[Short web captions]
.....
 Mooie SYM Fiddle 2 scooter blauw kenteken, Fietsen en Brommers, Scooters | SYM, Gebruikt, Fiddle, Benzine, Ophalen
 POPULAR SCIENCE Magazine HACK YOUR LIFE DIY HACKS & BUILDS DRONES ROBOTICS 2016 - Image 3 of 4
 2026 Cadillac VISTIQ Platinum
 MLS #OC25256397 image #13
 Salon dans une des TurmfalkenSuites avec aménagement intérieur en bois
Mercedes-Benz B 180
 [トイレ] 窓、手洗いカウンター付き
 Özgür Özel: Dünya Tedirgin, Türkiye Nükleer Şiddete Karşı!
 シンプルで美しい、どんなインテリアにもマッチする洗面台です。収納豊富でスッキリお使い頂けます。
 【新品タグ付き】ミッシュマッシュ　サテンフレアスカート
.....
§ TO DO
Transcribe all of the entries without altering anything.

§ EXERCISE RESULT
 Mooie SYM Fiddle 2 scooter blauw kenteken, Fietsen en Brommers, Scooters | SYM, Gebruikt, Fiddle, Benzine, Ophalen
 POPULAR SCIENCE Magazine HACK YOUR LIFE DIY HACKS & BUILDS DRONES ROBOTICS 2016 - Image 3 of 4
 2026 Cadillac VISTIQ Platinum
 MLS #OC25256397 image #13
 Salon dans une des TurmfalkenSuites avec aménagement intérieur en bois
Mercedes-Benz B 180
 [トイレ] 窓、手洗いカウンター付き
 Özgür Özel: Dünya Tedirgin, Türkiye Nükleer Şiddete Karşı!
 シンプルで美しい、どんなインテリアにもマッチする洗面台です。収納豊富でスッキリお使い頂けます。
 【新品タグ付き】ミッシュマッシュ　サテンフレアスカート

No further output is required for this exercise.